## The problem:
A faithful copy of the entries is needed, one that leaves out the pictures.

[Short descriptive text snippets]
○ ○ ○

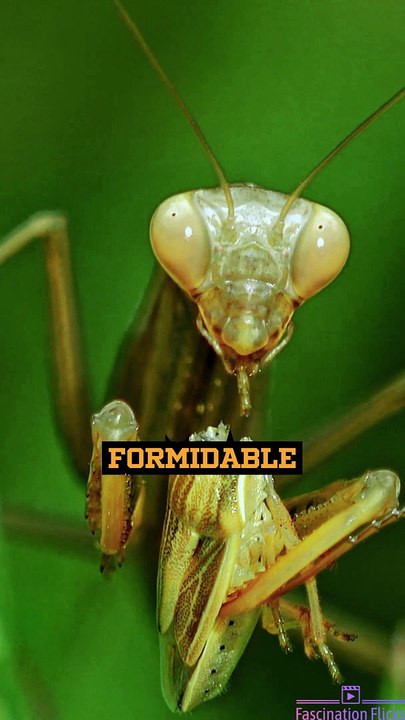 The Stealthy Predators: Praying Mantises!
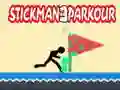Spel Stickman Parkour 3 pÄ nÀtet Spel Stickman Parkour 3 pÄ nÀtet
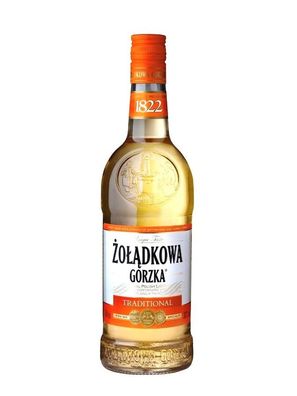 Zoladkowa Gorzka Traditional Vodkalikör in der 0,50 Ltr. Flasche aus Polen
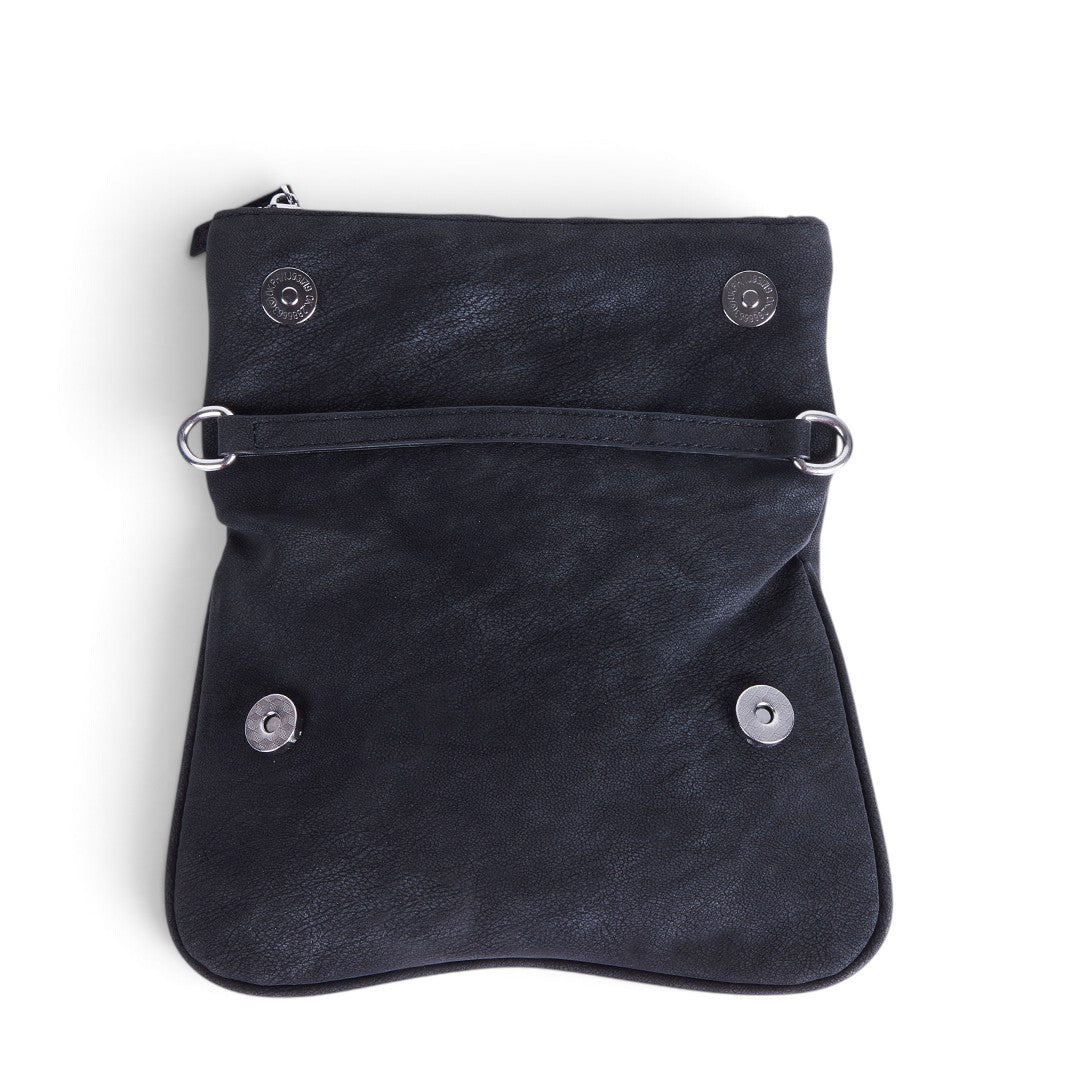 BOLSA CON CADENA Y ESTOPEROLES NEGRO 83815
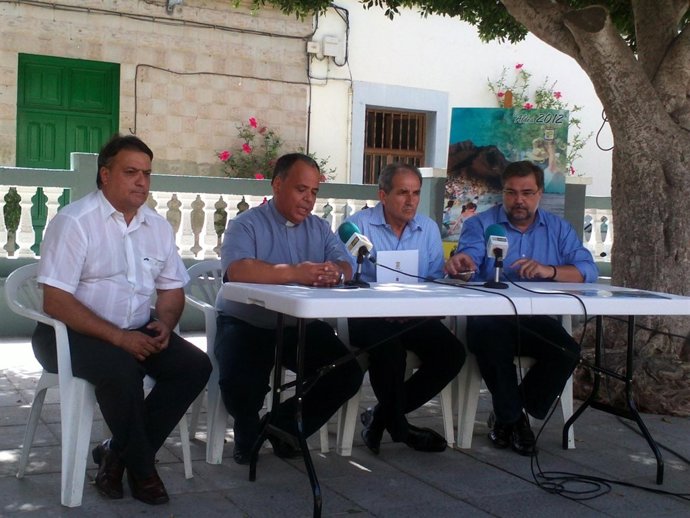Presentacio?n de Programa de las Fiestas de La Aldea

○ ○ ○

## Output of the exercise:
 The Stealthy Predators: Praying Mantises!
Spel Stickman Parkour 3 pÄ nÀtet Spel Stickman Parkour 3 pÄ nÀtet
 Zoladkowa Gorzka Traditional Vodkalikör in der 0,50 Ltr. Flasche aus Polen
 BOLSA CON CADENA Y ESTOPEROLES NEGRO 83815
Presentacio?n de Programa de las Fiestas de La Aldea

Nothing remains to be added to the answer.